Kaum weniger spannend ist die Frage, ob ein aus einer Anlage herausgelöstes und an einen anderen Standort als eigenständige Anlage weiter betriebenes BHKW einen Teil der Höchstbemessungsleistung mitnimmt. Die Clearingstelle hat zu dieser Frage in der hiesigen Entscheidung erstmals Stellung bezogen und die Aufteilung der Höchstbemessungsleistung im Ergebnis bejaht. Dabei ordnet die Clearingstelle dem versetzten BHKW eine Höchstbemessungsleistung von 475 kW zu. Dies entspricht 95 Prozent der installierten Leistung des 500-kW-BHKW. Am Standort der Biogasanlage verbleiben dementsprechend 570 kW, was wiederum 95 Prozent der am Standort verbleibenden installierten Leistung entspricht. Ein sachgerechtes Ergebnis.

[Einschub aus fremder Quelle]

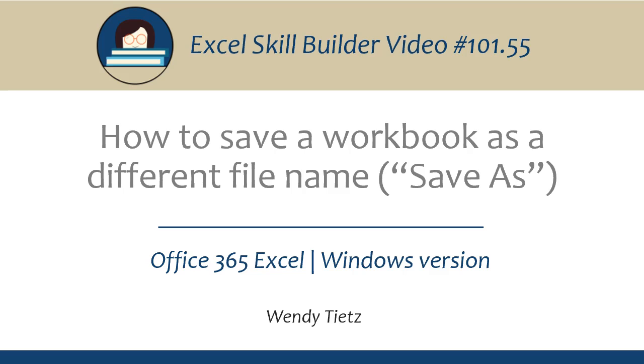In this video, I'm going to walk through how to save a workbook as a different name in Excel. I'm using Office 365 Excel on a computer running Windows.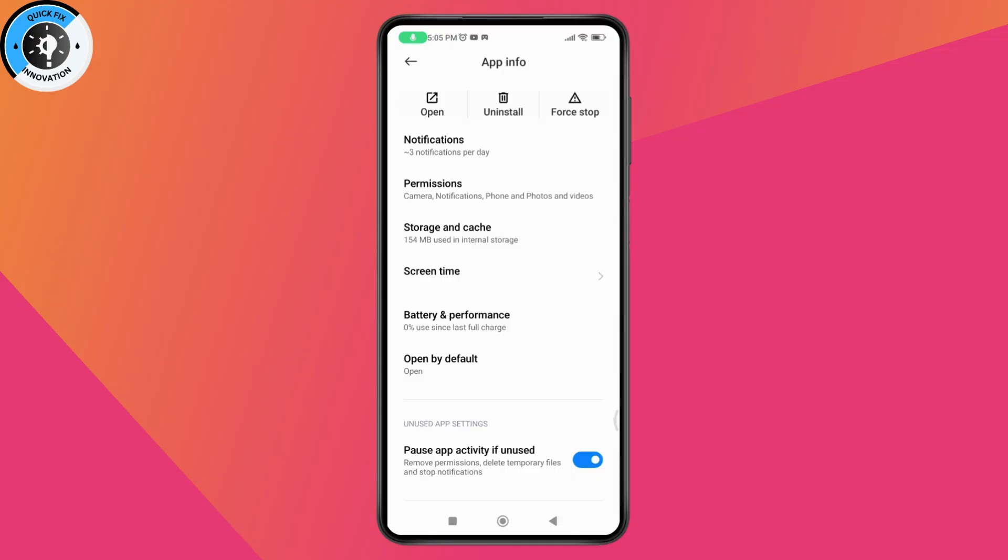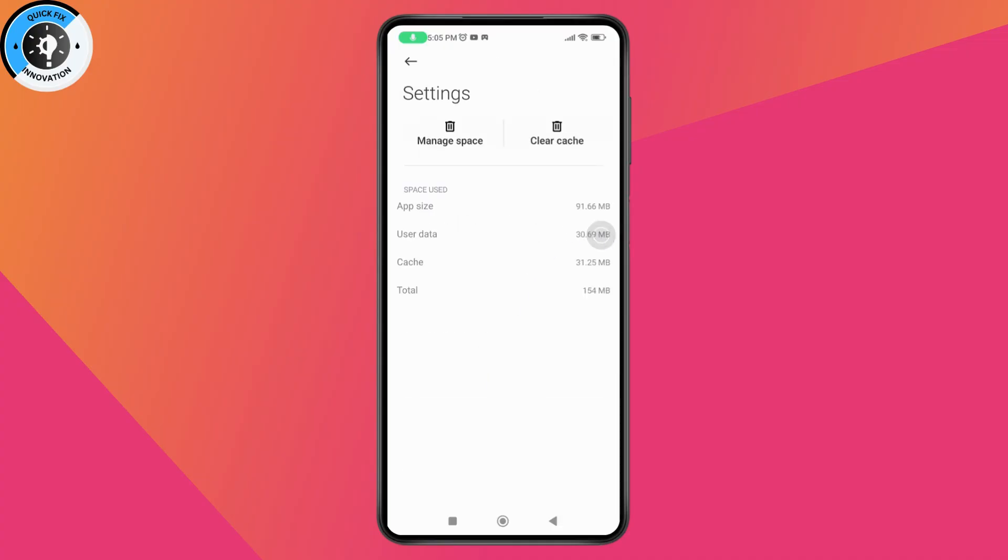After that, go to storage and cache which is right here, then tap on clear cache and clear all of the cache for the application.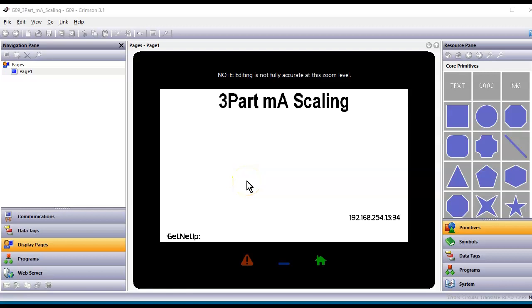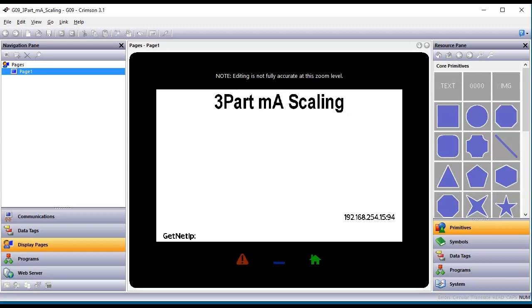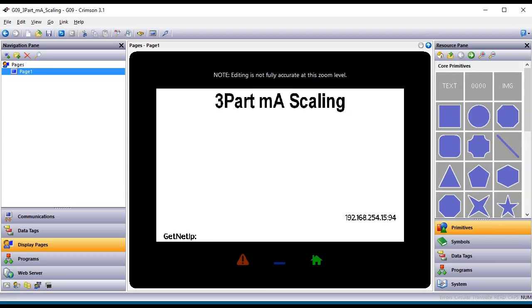Hello there folks. This example is going to be a little bit on scaling. I've done a number of videos on scaling but this one's going to be a little bit different. We've got an application where a customer has a 4 to 20 milliamp sensor and they're telling me the sensor will go between 0 to 3,000 psi over that range. However, they'd like to enter a number at 12 milliamps that is not exactly 1,500 — maybe they need to do some calibration. I call this a three-part milliamp scaling: you have the value at 4 milliamps, a value at the halfway point, and a value at 20 milliamps.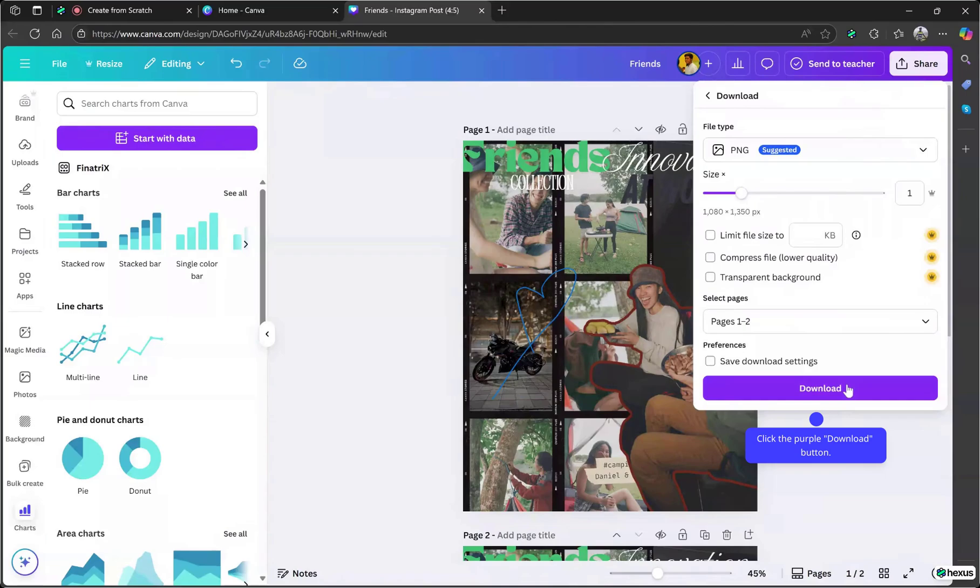It's optimized for Instagram, so no worries about size or quality. And just like that, your Instagram post is ready to upload.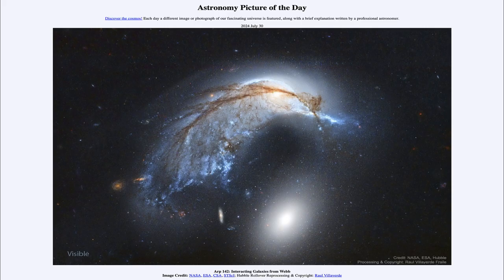So that was our picture of the day for July 30th of 2024, titled ARP 142 Interacting Galaxies from Webb. We'll be back again tomorrow for the next picture. So until then, have a great day everyone, and I will see you in class.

Allerdings begründet die Clearingstelle ihre Entscheidung nicht mittels einer Auslegung der EEG-rechtlichen Bestimmungen zur Höchstbemessungsleistung. Vielmehr behilft sie sich mit einer „Billigkeitsentscheidung“, die sie „in den Grenzen der guten Sitten und öffentlichen Ordnung“, losgelöst vom konkreten Rechtsrahmen getroffen hat. Nach Auffassung der Clearingstelle stößt eine Auslegung der einschlägigen Rechtsnormen bei der Frage nach der Zulässigkeit der Aufteilung und Mitnahme der Höchstbemessungsleistung „an ihre Grenzen“. Kurz: Die Clearingstelle hat davon abgesehen, diese Frage anhand der rechtswissenschaftlichen Methodik zu beantworten.

Bewertung

Die Entscheidung der Clearingstelle ist ein wichtiger Schritt für mehr Rechtssicherheit in der Branche. Nachdem das Landgericht Frankfurt (Oder) entschieden hatte, dass Satelliten-BHKW grundsätzlich nicht mittels des Zubaus weiterer BHKW flexibilisiert werden können, war die Verunsicherung in der Branche groß.

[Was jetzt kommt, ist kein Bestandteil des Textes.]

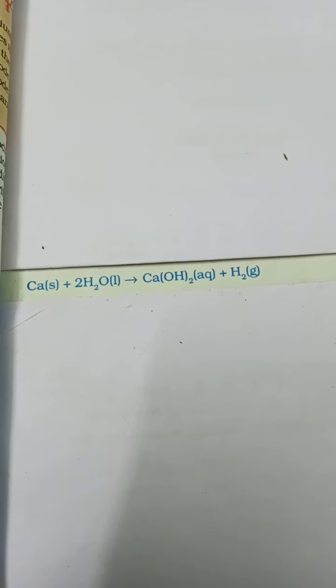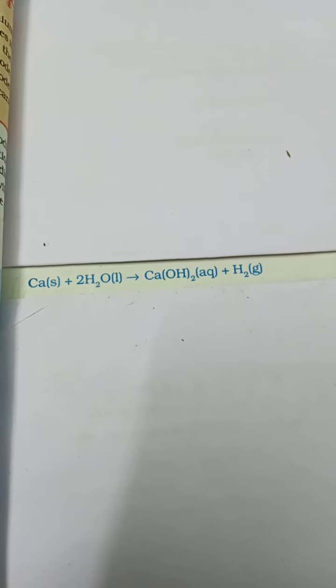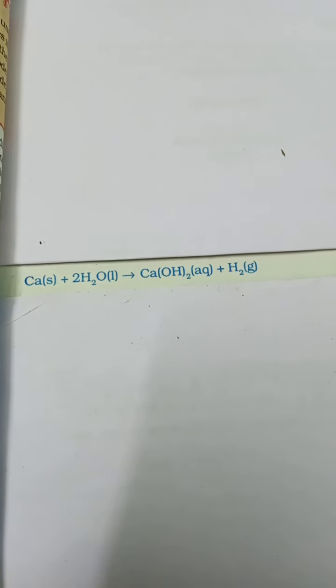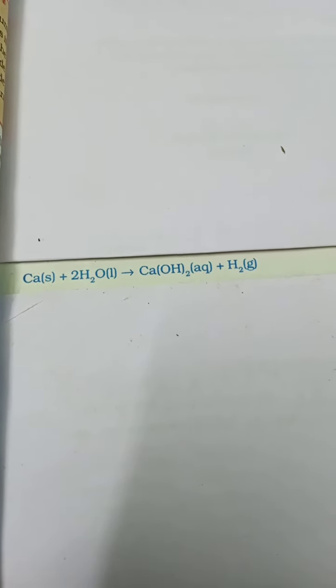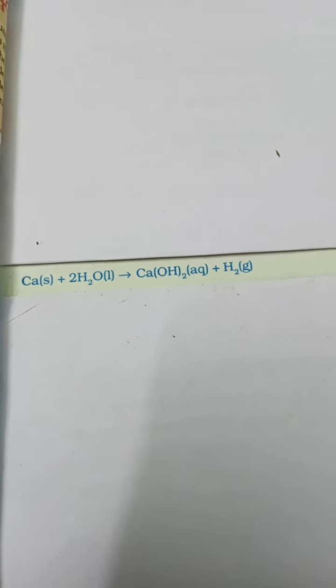The reaction of calcium with water is less violent. The heat evolved is not sufficient for the hydrogen to catch fire. Calcium starts floating because the bubbles of hydrogen gas formed stick to the surface of the metal.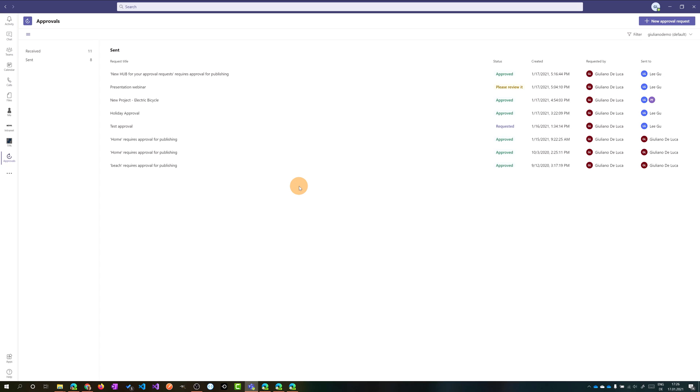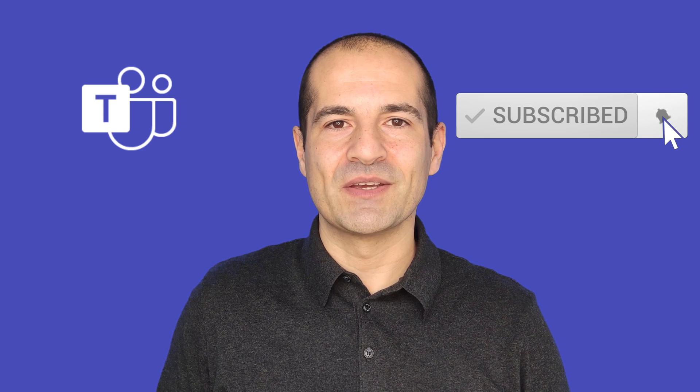This is a very powerful app that brings all your approval requests into one single place — you can check what you sent and what you received, and easily review every request. Moreover, this app is integrated with other services like SharePoint, Microsoft Dynamics 365, Azure DevOps, and Power Automate. That was a quick tutorial on the new Approvals app in Microsoft Teams. If you enjoyed the video, give a thumbs up, subscribe, and leave a comment below with topics you'd like me to cover next. See you next time!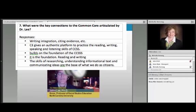Someone here said it best: an authentic platform to practice reading, writing, speaking, and listening. Couldn't have said it better. I just hope you can message that and help your colleagues see that too. Because I know at your school when they're asking 'are you doing Common Core,' hopefully from this and other webinars and resources, you'll be able to articulate that really clearly for them.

Mit dem vorliegenden Schiedsspruch hat die Clearingstelle – in Abweichung vom LG Frankfurt (Oder) – klargestellt, dass es auf den Einzelfall ankommt und mehrere BHKW an einem Satelliten-Standort sehr wohl durch technische, bauliche sowie auch funktionale Verbindungen zu einer Anlage verklammert werden können. Dabei gibt die Clearingstelle dem Anlagenbetreiber Kriterien an die Hand, unter welchen Voraussetzungen eine solche Verklammerung erzielt werden kann.

Hierfür beruft sich die Clearingstelle auf die bereits durch die Rechtsprechung anerkannte Auslegung zum weiten Anlagenbegriff und stellt zudem auf eine Gesamtbetrachtung des konkreten Anlagenkonzepts ab. Allerdings ist der Schiedsspruch nicht für alle verbindlich und kann auch nicht auf jeden Einzelfall übertragen werden. Es sollte daher für jedes Projekt gesondert geprüft werden, ob die Voraussetzungen für eine Anlagenzusammenfassung vorliegen.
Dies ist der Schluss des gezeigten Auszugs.